The evidence in regard to this vital period is singularly meagre and confusing. Pearson is the only witness who speaks to the rolled-up detonator being found behind the coal bunker. His friend Gribbon junior was not called as a witness and does not therefore corroborate him. Neither Mrs Gribbon nor the neighbour who helped her to shovel in the coal from the pavement to the bunker was brought as a witness and no satisfactory explanation of this omission was given to us. If the detonator was in fact in the coal when it was delivered at the house, it is difficult to see how these two ladies failed to observe it when they were shovelling the coal across the garden into the coal bunker, but there is no evidence that they did see it. Indeed the other evidence contradicts this contingency. On the day following the delivery of the coal at his house Gribbon says he inspected the coal bunker, looked inside and shut the lid. When he did so, he saw nothing round about the bunker, and there was no wire or coil of wire behind the bunker. Something must have happened, therefore, if Pearson really found the detonator where he says he did, between the delivery of the coal and the visit by Pearson, to bring the detonator into the place where Pearson says he found it.

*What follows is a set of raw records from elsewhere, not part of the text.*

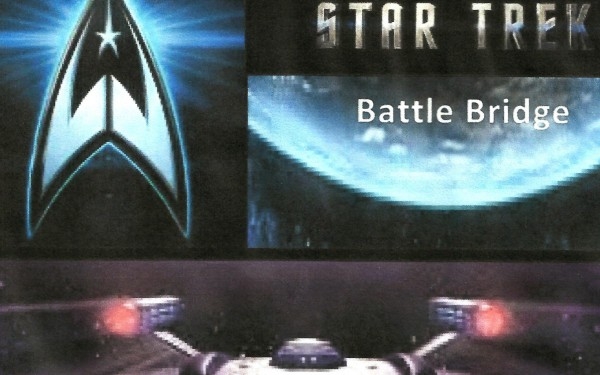 Star Trek Battle Bridge - Aroana Infliction
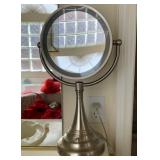 W - LIGHTED STAND MIRROR (M23)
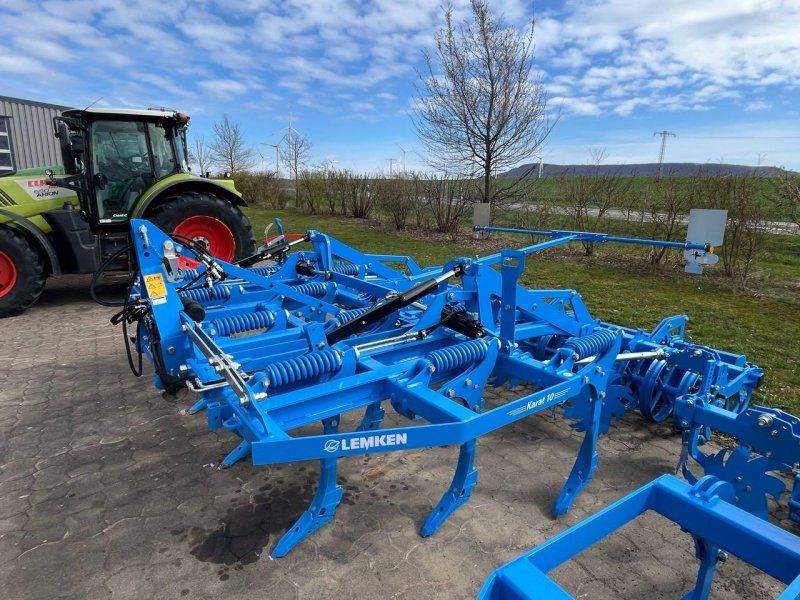 Lemken Karat 10/400KU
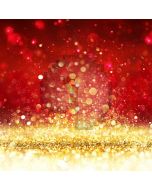 Red Yellow Computer Printed Photography Backdrop LMG-782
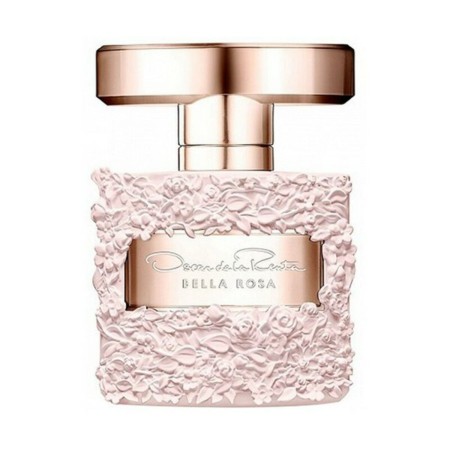 Perfume Mulher Bella Rosa Oscar De La Renta I0095896 EDP (100 ml) EDP 100 ml de Oscar De La Renta, Água de perfume - Ref: S05...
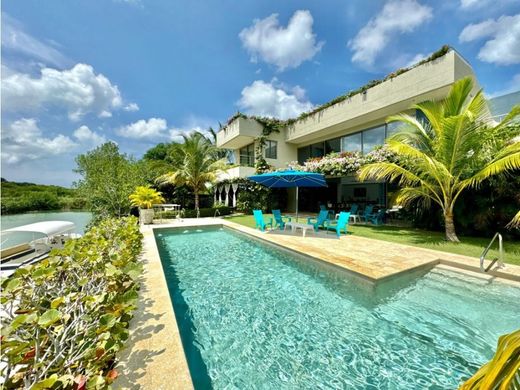Maison de luxe à Carthagène, Cartagena de Indias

Within about two hours of the accident a policeman M'Taggart examined the locus. He stated that behind the coal bunker there was a box with wire in it. This evidence was not challenged in cross. If these two witnesses (Gribbon senior and M'Taggart) are to be believedand the Lord Ordinary made no criticism of their evidencethey establish that someone was interfering with the situation behind the coal bunker after the concessionary coal had been deposited in it and before Pearson's visit to it. This would tend to disassociate the detonator from the concessionary coal from Whitrigg.

There are two other factors which have a bearing on this matter. In the first place, Gribbon's garden, where the bunker was situated, is not wholly private and enclosed. It is open to the adjoining house, and third parties had easy access to it. In the second place, the condition of the detonator and its wires is of some importance. According to Pearson, when he found it, the wires were round the detonator, so that it could not be seen. The evidence shows that this is not the condition in which electric detonators come from the factory. When delivered from the factory, the detonator is exposed and the wires are not bound round it. Moreover, its condition was such as to exclude its having been used under pit conditions. On the contrary, the parcelling up of the wires round the detonator and the depositing...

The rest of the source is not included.